- **PROBLEM DESCRIPTION**
From the records below, copy out exactly the lines from the one containing "AILANUO - Mayorista" to the one containing "Appartements Schneezauber Lermoos", both included. Add nothing else.

- **SUPPLIED MATERIAL**
=-=-=

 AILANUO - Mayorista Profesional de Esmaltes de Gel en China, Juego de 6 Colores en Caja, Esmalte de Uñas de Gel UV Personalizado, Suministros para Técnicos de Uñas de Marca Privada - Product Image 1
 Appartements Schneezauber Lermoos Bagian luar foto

=-=-=

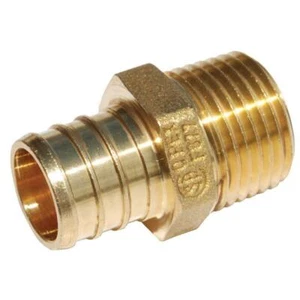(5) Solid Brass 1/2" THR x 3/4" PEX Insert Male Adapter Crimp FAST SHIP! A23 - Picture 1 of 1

=-=-=

- **SOLUTION TO THE PROBLEM**
 AILANUO - Mayorista Profesional de Esmaltes de Gel en China, Juego de 6 Colores en Caja, Esmalte de Uñas de Gel UV Personalizado, Suministros para Técnicos de Uñas de Marca Privada - Product Image 1
 Appartements Schneezauber Lermoos Bagian luar foto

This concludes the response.